Article Index


Dissociating active from passive self motion from sound source motion

Jose Garcia Uceda Calvo (Project 2)

The aim of my research is to perform behavioral/psychophysical experiments on cross-sensory (auditory-vestibular) spatial behavior in healthy humans. In particular, the behavioral experiments concern human sound localization and its relation with the vestibular system. Humans can localise sounds accurately and consistently, and can make fast head movements towards static sound sources. However, real-world sound sources, such as animals, humans and objects are in constant motion. Moreover, the observer is moving too, by rotating and translating the head through space. My first research question is: Can the human auditory system localise and accurately trace moving sound sources? Second: How does the brain dissociate object motion from self-motion? Third: What is the weight of the vestibular signal in audio-vestibular integration during a whole-body rotation and/or during static tilt? Fourth: Can proprioceptive perturbation of the neck muscles alter the spatial representation of sounds?

Spatial orientation in health and disease

Antonella Pomante (Project 12)

Spatial orientation is the sense of body orientation and self-motion relative to the stationary environment, fundamental to normal waking behavior and control of everyday motor actions including eye movements, postural control, and locomotion.
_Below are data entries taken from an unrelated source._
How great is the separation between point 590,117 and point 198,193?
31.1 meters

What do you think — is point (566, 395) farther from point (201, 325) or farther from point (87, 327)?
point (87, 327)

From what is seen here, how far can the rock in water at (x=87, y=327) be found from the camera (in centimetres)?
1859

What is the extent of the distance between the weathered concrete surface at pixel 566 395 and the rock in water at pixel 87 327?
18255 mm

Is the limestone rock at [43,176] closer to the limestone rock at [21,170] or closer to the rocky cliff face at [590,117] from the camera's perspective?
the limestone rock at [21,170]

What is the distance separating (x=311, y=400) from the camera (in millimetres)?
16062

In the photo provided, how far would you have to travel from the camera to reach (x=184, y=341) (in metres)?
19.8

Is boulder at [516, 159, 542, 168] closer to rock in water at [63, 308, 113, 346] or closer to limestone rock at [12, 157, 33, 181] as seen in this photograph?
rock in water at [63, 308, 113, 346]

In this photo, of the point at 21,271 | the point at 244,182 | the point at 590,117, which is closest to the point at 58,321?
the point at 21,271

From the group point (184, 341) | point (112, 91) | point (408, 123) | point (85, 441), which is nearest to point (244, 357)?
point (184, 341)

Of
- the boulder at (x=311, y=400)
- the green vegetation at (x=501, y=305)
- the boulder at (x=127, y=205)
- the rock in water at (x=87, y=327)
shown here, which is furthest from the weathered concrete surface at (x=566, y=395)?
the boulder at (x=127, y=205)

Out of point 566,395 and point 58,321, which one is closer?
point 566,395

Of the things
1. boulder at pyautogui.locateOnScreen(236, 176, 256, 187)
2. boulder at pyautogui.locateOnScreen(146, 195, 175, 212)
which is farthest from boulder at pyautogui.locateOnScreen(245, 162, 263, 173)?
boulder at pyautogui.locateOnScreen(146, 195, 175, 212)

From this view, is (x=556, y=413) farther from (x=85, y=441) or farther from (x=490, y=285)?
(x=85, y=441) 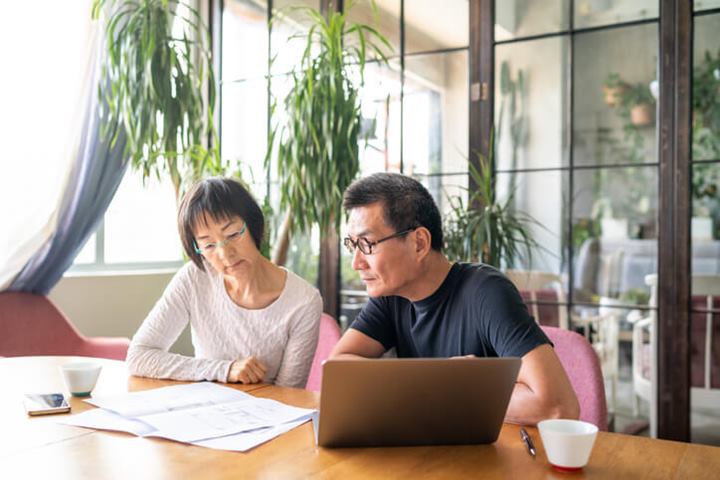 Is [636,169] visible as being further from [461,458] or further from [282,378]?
[461,458]

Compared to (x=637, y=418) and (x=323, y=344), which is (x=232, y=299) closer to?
(x=323, y=344)

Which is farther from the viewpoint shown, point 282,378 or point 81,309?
point 81,309

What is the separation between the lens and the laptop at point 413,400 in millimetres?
1149

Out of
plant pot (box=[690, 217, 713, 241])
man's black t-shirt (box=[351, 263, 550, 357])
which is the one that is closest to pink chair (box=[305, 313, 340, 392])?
man's black t-shirt (box=[351, 263, 550, 357])

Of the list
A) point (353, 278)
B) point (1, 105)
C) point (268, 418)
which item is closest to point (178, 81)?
point (1, 105)

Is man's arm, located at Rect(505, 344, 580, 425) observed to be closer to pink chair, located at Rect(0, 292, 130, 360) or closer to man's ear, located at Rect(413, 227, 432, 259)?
man's ear, located at Rect(413, 227, 432, 259)

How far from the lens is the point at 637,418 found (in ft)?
10.0

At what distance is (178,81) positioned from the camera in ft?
11.0

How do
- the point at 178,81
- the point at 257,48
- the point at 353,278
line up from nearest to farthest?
the point at 178,81 → the point at 353,278 → the point at 257,48

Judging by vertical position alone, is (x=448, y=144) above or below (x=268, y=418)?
above

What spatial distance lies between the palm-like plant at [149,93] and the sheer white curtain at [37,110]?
137mm

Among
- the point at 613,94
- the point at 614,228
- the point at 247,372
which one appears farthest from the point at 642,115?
the point at 247,372

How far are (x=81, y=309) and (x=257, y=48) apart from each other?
1.71 meters

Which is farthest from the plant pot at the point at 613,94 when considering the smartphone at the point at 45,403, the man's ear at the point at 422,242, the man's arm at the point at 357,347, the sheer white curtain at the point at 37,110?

Spatial orientation and self-motion perception depends heavily on how the brain interprets signals mediated by visual, somatosensory and vestibular systems in combination with motor signals and internal beliefs. This project aims to understand this process by developing statistical models, and testing these models in healthy subjects and patients that lack particular sensory or motor functions.

Integrating ego motion in eye-hand coordination

Johannes Keyser (Project 13)

Voluntary eye-hand coordination primarily relies on signals mediated by our eyes, proprioception, and vestibular system. Acting based on these sensory sources means combining them with motor signals and internal beliefs, creating a closed sensorimotor control loop. Often, manual tasks are performed during whole-body movements, initiated either actively or passively. This project aims to understand this process by developing statistical models, and testing these models in healthy subjects and patients that lack particular functions of sensorimotor integration.